B.A., University of Washington; J.D., Indiana University; LL.M., Georgetown
Professor Simshaw is a former supervising attorney with the Institute for Public Representation, where he specialized in communications and technology law and represented public interest organizations in rulemakings and adjudications before federal agencies and in litigation before federal appellate courts. In 2017, he received the H. Latham Breunig Humanitarian Award, given biennially by Telecommunications for the Deaf and Hard of Hearing, Inc., in recognition of his pro bono advocacy on behalf of people with disabilities. He previously taught as a fellow in Georgetown Law’s Communications and Technology Law Clinic and at Elon University School of Law.

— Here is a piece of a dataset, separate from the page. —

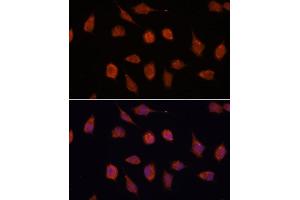 Immunofluorescence analysis of L929 cells using KCN antibody (ABIN7269481) at dilution of 1:100.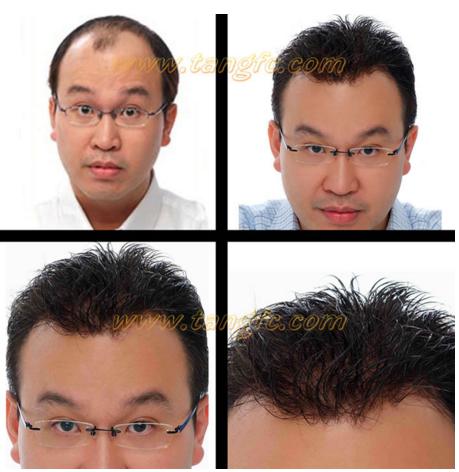 來自NASA的黑科技生發(fā)頭盔，禿頂有救了？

Professor Simshaw researches and publishes in the areas of communications and technology law, including the regulation of emerging technologies, the ethical implications of technology in law practice, and legal practice pedagogy in light of new technologies. His article, Ethical Issues in Robo-Lawyering: The Need for Guidance on Developing and Using Artificial Intelligence in the Practice of Law, forthcoming in the Hastings Law Journal, was presented at Yale Law School’s 2017 We Robot Conference, and is the culmination of research he has presented at workshops, discussion groups, CLEs, and webinars hosted by, among others, Georgetown Law School, the American Association of Law Schools, and the Robotics and AI Committee of the American Bar Association. His work has also been published in the Minnesota Journal of Law, Science, & Technology (co-authored), the Richmond Journal of Law & Technology (co-authored), the Tennessee Journal of Race, Gender, & Social Justice (symposium issue), the American Journal of Trial Advocacy (symposium issue), and the Federal Communications Law Journal (note).
A proud AmeriCorps alum, Professor Simshaw earned his B.A. from the University of Washington, his J.D. from the Indiana University Maurer School of Law where he served as an Articles Editor for the Federal Communications Law Journal, and his LL.M. in Advocacy with distinction from Georgetown Law.